Figure 12(a) displays the accuracy of the model under different types of sports. Figure 12(b) shows the detection time of the model under different types of sports. According to Figure 12(a), Model 3 had the highest accuracy and outperformed Model 1 and Model 2 in all types of sports. In gymnastics, the accuracy of Model 3 was about 95%, significantly higher than Model 2’s 90% and Model 1’s 85%. In diving and athletics, Model 3 achieved an accuracy rate of 98%. For weightlifting and volleyball, although the performance of all three models declined, the accuracy of Model 3 was still close to 95%. This is because Model 3 has stronger feature modeling capabilities, which can better adapt to different types of sports, especially those actions that contain complex temporal and spatial features.
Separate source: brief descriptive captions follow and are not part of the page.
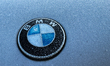 Hoarfrost is seen on BMW car logo in Poland on January 18, 2025. 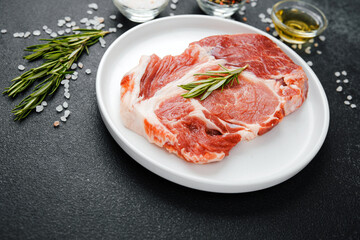 Uncooked beef steaks on white plate with rosemary and spices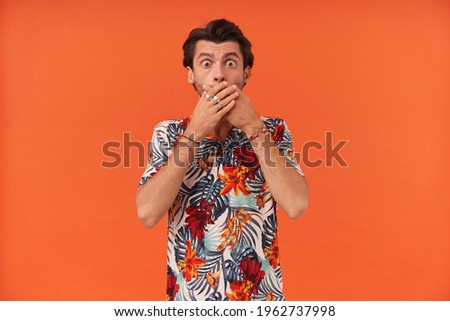 Scared shocked young man with bristle in colourful shirt covered his mouth by hands and feels frightened over orange background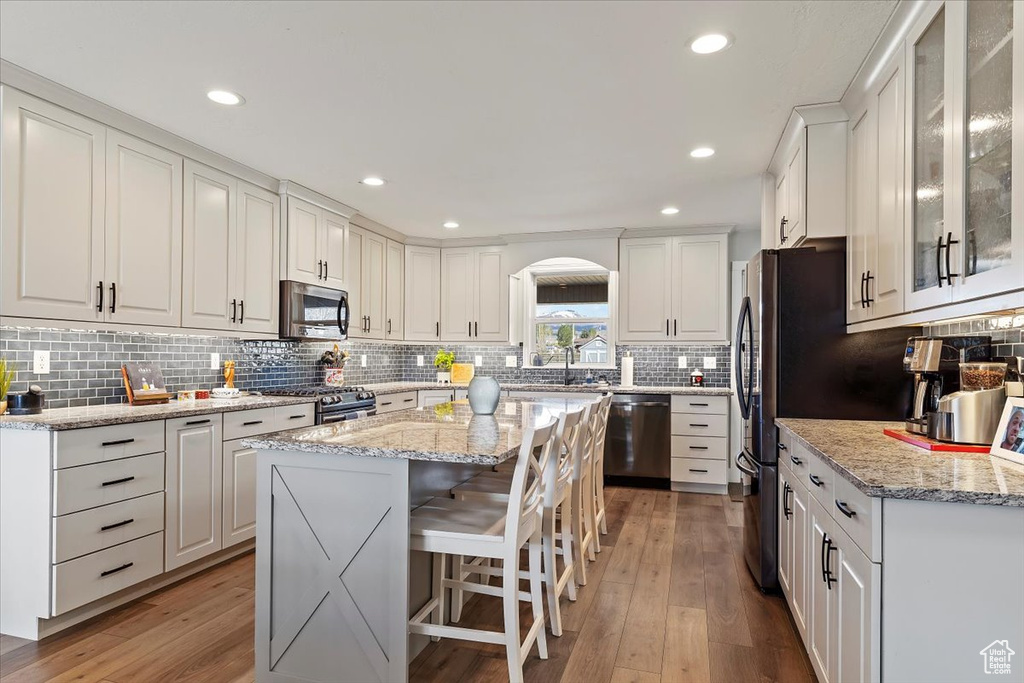 Kitchen with appliances with stainless steel finishes, wood-type flooring, a kitchen island, and white cabinets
According to Figure 12(b), in gymnastics, the average detection time of Model 3 was about 150 ms, while Model 1 and Model 2 were about 300 and 400 ms, respectively. In diving and athletics, the detection time of Model 3 was controlled below 200 ms, while Model 2 was close to 450 ms. For weightlifting and volleyball, the calculation time of Model 3 was about 250 ms, much lower than Model 1 and Model 2. This is because Model 3 has achieved efficient computing power in its structural design, which can significantly reduce computational overhead while maintaining high accuracy. The proposed Model 3 has better performance and performs well in various types of sports. The actual effects of each model are analyzed, as displayed in Figure 13.

Figure 13

Analysis of the actual detection effect of each model. (a) Model 1. (b) Model 2. (c) Model 3.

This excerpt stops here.